Within the records that follow, restate exactly the lines from the line with "Gestreepte lange mouwen top image number 5" down to the line with "Vintage Hand Painted", including both. Omit the pictures.
··· ENTRIES PROVIDED
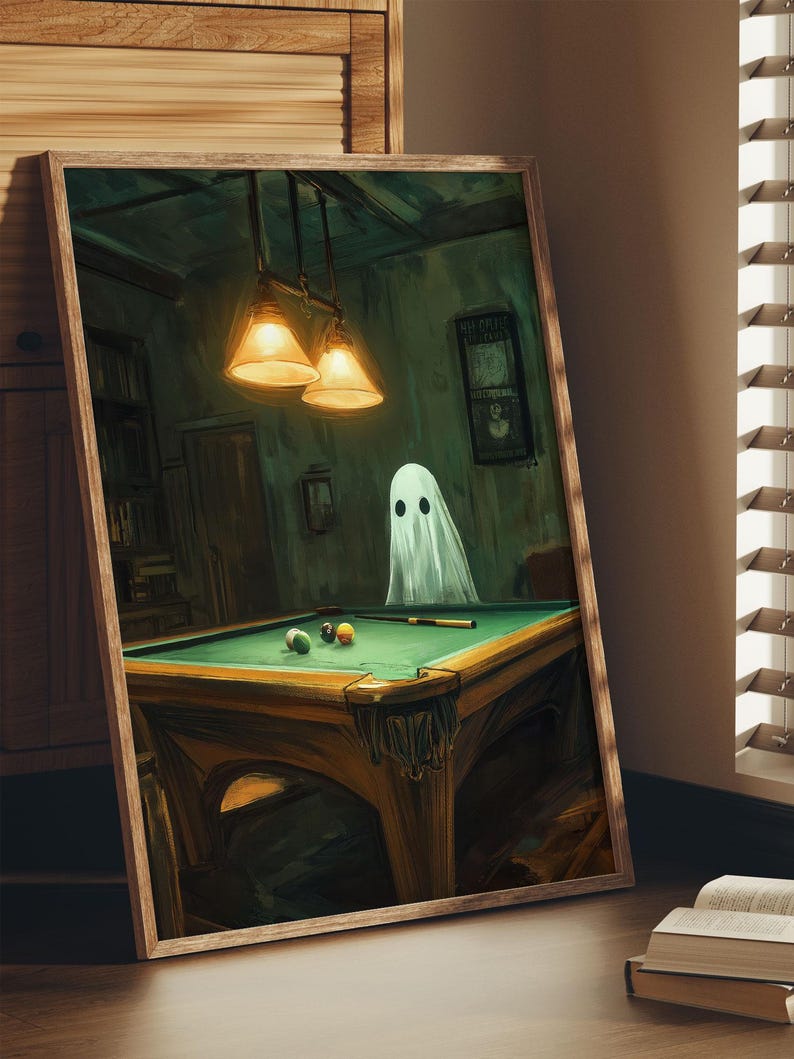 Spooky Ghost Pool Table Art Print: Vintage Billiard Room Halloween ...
······
··· ENTRIES PROVIDED
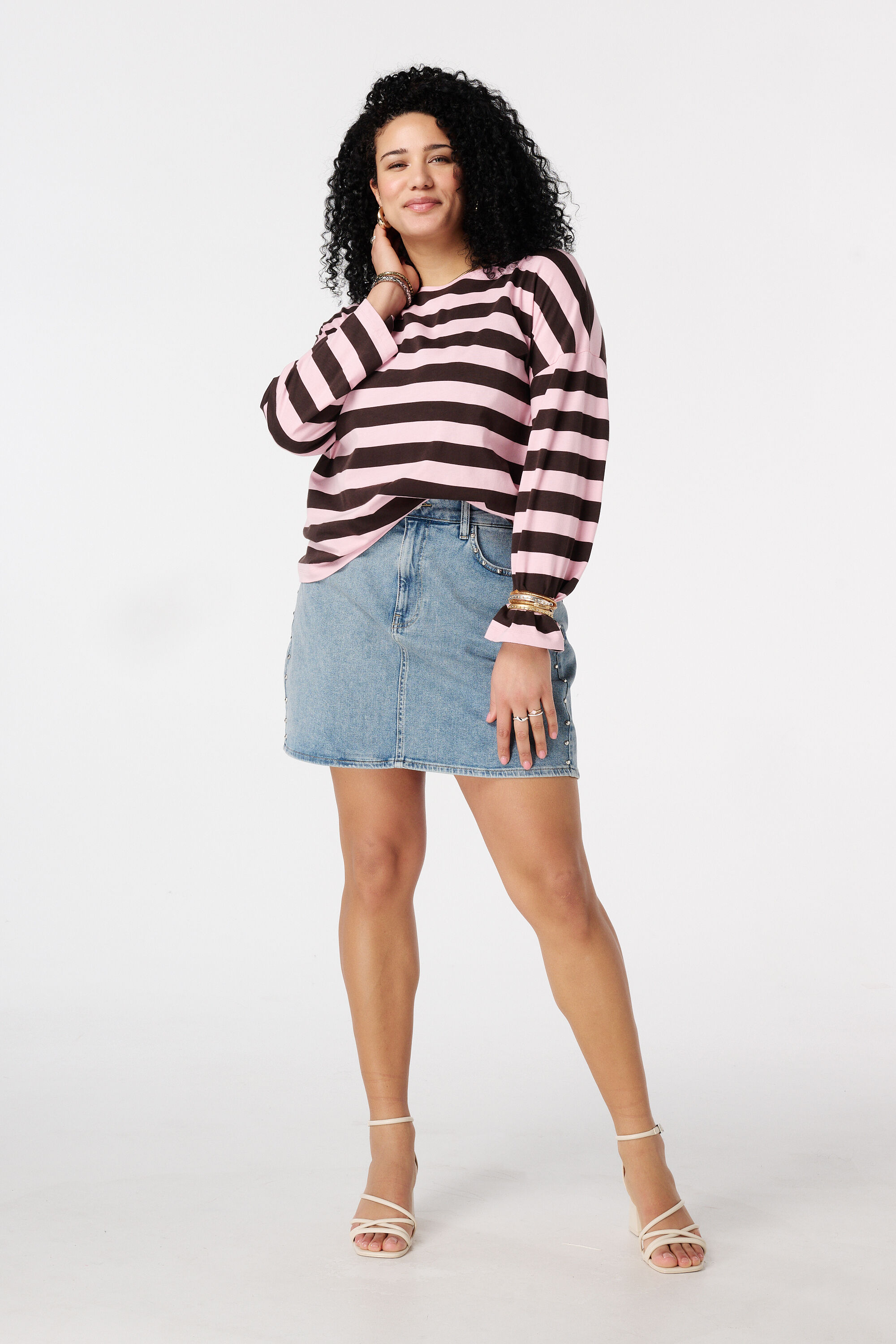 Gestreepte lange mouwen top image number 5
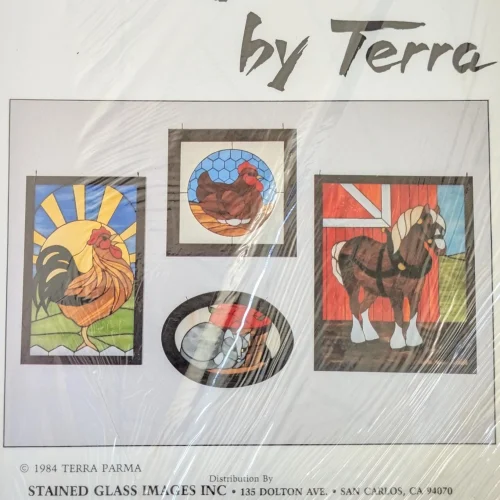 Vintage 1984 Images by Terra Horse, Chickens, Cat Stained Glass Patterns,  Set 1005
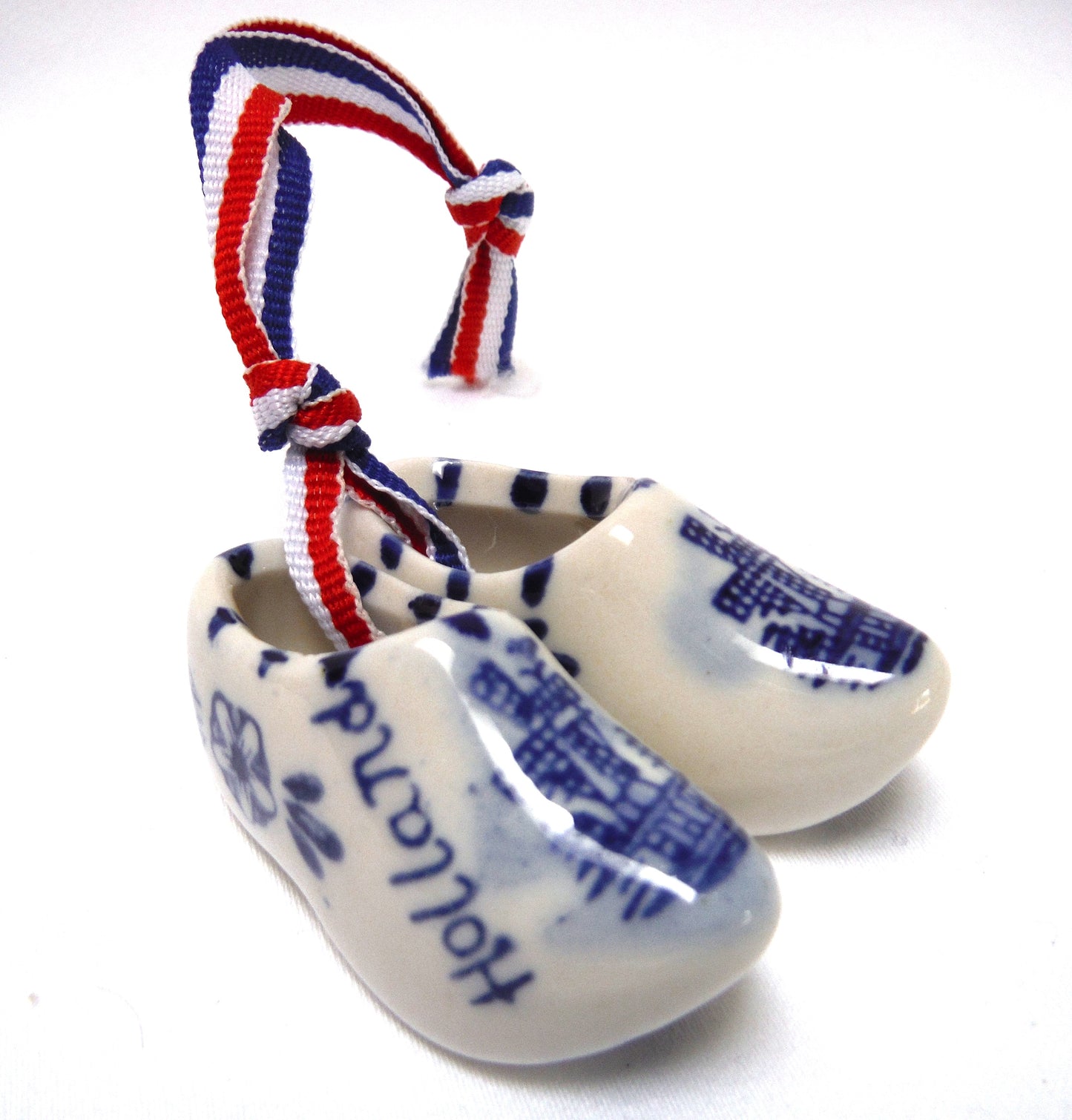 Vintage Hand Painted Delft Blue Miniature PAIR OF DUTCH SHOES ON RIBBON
······
■ **EXERCISE RESULT**:
 Gestreepte lange mouwen top image number 5
 Vintage 1984 Images by Terra Horse, Chickens, Cat Stained Glass Patterns,  Set 1005
 Vintage Hand Painted Delft Blue Miniature PAIR OF DUTCH SHOES ON RIBBON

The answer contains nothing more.